Relationships within the Appalachian Asplenium polyploid complex have been well characterized using morphology, cytology, chromatography and isozymes. The complex consists of the diploids A. rhizophyllum, A. platyneuron, A. montanum and their six hybrids. However, the maternal origins of the hybrids are unknown. Non-coding regions of the maternally-inherited chloroplast genome, such as the trnL-F spacer region, can be used to reconfirm hypothesized progenitors and to hypothesize the direction of the crosses. For example, cleaved amplified polymorphic sequence (CAPS) analysis of the trnL-F region indicates that A. rhizophyllum contributed the chloroplast genome to the only known natural fertile population of the allopolyploid A. ebenoides, with A. platyneuron presumably serving as the paternal parent.

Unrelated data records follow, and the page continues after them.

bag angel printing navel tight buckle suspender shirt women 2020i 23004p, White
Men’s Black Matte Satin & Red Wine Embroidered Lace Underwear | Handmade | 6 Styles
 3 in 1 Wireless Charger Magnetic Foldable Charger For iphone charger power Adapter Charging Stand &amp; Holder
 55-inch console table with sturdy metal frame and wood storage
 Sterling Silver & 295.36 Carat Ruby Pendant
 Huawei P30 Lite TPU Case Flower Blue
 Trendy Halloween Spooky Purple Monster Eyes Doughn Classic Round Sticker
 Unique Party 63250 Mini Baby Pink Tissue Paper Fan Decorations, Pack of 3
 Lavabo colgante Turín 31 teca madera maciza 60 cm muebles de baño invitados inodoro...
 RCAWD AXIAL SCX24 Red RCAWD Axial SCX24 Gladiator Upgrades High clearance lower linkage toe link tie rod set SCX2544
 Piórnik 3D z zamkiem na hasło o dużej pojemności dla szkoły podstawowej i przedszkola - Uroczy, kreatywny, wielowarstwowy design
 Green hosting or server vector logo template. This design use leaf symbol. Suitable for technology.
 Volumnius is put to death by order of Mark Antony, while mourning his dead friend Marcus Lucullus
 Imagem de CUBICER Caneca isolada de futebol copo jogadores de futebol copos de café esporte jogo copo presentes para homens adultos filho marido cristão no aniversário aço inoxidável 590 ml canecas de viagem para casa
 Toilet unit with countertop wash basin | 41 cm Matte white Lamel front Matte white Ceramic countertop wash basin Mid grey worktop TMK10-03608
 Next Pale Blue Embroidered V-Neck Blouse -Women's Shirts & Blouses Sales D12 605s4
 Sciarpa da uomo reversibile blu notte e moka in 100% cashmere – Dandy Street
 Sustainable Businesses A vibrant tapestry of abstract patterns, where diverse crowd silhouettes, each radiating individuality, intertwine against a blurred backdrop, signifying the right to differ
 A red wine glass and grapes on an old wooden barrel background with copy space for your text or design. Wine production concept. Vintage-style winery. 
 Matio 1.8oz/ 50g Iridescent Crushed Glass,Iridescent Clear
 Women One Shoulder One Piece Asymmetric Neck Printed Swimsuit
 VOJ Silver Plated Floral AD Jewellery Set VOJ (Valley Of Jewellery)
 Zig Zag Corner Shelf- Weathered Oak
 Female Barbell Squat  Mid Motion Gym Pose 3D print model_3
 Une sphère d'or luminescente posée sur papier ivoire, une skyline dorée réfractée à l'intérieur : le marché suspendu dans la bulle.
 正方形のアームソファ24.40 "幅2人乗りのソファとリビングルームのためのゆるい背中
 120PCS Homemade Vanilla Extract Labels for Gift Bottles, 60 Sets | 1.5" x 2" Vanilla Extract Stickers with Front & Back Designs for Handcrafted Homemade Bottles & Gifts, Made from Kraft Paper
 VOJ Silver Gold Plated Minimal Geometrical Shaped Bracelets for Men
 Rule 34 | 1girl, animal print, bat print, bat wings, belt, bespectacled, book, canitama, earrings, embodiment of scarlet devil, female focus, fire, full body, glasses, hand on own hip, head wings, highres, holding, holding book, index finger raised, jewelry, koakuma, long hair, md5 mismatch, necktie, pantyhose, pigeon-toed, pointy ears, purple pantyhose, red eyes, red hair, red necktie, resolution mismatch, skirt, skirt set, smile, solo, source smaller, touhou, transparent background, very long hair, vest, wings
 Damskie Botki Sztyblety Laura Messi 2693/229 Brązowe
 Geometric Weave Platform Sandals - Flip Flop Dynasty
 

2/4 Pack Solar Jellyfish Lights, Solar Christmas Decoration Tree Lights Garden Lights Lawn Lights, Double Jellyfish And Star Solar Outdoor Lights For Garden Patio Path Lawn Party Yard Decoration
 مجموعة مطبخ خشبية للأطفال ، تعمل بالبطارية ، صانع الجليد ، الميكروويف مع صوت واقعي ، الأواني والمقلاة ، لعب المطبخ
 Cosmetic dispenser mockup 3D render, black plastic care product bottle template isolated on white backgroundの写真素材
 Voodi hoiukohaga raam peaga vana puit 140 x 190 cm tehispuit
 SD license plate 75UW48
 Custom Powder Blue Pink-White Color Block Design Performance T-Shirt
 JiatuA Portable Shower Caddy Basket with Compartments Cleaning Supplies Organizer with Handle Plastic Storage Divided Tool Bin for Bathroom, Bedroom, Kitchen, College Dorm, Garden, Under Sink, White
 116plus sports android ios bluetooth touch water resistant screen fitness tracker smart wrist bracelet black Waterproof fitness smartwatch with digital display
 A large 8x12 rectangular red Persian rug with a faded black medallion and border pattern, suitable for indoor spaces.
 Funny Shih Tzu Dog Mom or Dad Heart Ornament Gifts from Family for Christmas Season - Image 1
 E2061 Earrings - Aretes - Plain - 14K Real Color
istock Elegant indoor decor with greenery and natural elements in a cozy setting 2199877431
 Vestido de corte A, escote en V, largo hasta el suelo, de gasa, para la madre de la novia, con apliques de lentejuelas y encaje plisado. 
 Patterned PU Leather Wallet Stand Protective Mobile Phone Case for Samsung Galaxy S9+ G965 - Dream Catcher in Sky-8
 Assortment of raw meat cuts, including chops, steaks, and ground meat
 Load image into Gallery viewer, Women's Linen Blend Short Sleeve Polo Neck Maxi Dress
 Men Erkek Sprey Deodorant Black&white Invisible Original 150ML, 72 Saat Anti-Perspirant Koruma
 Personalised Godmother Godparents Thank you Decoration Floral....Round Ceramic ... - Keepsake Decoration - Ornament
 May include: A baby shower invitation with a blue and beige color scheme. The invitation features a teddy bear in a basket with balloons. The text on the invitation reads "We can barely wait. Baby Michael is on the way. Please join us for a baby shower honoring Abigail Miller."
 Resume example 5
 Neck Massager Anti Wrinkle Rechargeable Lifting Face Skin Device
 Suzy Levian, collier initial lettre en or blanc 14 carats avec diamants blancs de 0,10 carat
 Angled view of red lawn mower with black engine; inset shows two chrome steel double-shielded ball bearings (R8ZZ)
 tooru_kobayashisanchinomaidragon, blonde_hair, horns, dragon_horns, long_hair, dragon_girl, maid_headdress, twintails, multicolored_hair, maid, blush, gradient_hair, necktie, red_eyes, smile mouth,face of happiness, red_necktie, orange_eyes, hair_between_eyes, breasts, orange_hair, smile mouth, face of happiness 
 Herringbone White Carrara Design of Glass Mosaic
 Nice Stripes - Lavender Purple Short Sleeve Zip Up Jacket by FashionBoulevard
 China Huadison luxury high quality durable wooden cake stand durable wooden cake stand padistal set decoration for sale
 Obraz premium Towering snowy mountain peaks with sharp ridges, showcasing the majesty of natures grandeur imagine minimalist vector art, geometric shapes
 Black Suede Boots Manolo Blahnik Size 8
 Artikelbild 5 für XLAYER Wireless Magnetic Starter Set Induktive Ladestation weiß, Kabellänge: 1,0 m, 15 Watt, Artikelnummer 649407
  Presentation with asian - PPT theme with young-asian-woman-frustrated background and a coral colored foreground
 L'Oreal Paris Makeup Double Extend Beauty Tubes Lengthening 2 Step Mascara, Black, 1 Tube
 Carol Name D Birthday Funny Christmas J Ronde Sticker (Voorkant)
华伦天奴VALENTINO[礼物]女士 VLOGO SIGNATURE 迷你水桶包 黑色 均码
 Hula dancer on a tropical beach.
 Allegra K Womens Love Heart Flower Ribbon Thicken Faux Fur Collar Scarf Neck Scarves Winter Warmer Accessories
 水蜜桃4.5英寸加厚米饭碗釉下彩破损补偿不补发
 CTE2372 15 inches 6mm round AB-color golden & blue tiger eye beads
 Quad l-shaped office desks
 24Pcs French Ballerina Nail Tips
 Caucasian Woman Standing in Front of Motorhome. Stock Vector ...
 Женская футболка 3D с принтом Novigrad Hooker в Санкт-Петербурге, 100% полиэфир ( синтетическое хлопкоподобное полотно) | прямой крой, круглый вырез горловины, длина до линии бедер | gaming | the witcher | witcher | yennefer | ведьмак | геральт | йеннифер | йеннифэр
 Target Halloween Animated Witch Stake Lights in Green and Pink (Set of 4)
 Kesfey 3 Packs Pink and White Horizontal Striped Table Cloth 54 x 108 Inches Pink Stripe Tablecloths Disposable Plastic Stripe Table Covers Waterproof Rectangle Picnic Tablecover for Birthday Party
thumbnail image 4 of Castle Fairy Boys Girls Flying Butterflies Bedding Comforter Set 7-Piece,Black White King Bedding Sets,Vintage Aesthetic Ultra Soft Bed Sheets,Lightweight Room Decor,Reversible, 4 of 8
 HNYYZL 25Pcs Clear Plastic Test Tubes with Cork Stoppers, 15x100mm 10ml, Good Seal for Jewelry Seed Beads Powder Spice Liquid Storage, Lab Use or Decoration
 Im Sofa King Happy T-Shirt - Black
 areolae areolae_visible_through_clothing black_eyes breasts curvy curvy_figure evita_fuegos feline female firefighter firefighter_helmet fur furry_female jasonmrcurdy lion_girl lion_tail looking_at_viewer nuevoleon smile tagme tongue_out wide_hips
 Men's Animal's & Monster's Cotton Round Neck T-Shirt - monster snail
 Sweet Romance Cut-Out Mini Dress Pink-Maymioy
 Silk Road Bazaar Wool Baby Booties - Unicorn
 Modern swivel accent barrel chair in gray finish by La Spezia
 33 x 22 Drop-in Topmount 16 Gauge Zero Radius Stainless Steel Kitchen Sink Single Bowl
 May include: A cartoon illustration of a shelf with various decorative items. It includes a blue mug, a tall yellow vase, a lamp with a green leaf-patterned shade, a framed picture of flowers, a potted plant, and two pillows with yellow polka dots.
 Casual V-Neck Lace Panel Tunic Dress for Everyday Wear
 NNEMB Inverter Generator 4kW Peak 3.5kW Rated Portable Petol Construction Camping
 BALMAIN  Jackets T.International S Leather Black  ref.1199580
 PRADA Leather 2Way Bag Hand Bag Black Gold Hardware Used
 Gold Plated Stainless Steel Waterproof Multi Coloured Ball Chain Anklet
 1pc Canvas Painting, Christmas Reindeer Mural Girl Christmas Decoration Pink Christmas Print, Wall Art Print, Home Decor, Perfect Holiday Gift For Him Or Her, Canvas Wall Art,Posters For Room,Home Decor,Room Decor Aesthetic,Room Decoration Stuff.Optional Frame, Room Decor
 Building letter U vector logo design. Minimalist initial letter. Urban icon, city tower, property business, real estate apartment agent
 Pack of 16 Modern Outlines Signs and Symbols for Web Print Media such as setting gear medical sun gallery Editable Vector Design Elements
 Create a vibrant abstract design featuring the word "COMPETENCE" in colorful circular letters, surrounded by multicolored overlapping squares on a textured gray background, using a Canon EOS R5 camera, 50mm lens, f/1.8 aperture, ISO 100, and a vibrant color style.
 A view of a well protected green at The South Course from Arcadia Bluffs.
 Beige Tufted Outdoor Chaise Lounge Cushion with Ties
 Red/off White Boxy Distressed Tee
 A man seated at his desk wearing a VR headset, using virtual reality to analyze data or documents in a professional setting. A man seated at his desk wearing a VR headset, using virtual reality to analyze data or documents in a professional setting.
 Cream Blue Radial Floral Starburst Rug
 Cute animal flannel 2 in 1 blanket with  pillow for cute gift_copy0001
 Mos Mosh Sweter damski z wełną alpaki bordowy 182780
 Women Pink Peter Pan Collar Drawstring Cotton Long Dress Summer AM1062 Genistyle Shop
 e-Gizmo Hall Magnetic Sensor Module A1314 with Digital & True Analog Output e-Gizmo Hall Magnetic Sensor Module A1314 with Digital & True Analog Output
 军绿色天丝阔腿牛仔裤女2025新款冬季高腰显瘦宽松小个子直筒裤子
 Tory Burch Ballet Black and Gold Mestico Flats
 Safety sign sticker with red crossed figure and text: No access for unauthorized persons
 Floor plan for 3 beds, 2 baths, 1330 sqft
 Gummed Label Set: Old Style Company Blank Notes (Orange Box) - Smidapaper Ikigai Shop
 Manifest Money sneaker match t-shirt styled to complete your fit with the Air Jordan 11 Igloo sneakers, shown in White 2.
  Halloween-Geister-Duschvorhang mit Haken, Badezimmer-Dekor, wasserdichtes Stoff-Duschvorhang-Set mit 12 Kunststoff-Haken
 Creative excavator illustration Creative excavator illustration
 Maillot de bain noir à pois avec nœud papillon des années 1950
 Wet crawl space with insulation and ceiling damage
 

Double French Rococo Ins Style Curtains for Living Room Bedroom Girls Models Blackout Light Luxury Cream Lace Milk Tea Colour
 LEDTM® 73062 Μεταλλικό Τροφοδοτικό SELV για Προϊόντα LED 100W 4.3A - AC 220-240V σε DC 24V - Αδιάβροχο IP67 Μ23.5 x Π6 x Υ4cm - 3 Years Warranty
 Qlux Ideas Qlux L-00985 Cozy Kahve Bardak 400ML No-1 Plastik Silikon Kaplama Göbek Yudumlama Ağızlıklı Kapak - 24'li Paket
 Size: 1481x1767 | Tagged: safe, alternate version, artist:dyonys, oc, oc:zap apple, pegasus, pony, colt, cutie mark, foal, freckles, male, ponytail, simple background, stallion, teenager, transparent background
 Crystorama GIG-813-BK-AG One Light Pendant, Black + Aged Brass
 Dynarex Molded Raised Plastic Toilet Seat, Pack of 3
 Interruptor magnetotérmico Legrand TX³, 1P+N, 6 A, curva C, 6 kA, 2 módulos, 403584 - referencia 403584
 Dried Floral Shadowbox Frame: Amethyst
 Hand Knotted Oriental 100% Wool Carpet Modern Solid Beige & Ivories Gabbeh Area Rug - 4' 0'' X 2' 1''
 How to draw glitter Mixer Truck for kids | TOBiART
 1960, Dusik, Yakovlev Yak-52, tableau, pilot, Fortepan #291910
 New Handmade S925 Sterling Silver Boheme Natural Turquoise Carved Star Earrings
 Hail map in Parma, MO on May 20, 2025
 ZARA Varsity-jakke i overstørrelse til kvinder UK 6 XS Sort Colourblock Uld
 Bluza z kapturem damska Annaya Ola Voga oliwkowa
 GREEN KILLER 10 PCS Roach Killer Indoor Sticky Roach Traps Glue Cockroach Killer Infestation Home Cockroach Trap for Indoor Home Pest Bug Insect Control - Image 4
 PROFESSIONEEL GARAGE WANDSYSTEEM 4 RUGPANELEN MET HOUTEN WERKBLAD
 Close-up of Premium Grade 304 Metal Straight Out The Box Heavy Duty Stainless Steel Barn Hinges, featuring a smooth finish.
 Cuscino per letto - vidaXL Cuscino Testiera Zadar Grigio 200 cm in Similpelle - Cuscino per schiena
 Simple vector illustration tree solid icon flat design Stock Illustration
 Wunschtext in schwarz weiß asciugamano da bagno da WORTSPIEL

Our maternity finding concurs with Slosson's limited laboratory experimentation in synthesizing A. ebenoides, and shows that using trnL-F to determine maternity in these crosses is an accurate technique. The internal transcribed spacer region of the nuclear ribosomal repeat (nrDNA ITS) has not often been used in fern molecular systematics, due at least in part to within individual heterogeneity. We are studying this gene region in the Appalachian Asplenium complex not only because of its potential as a biparental marker for phylogeny reconstruction, but also to determine whether allopolyploids exhibit nucleolar dominance.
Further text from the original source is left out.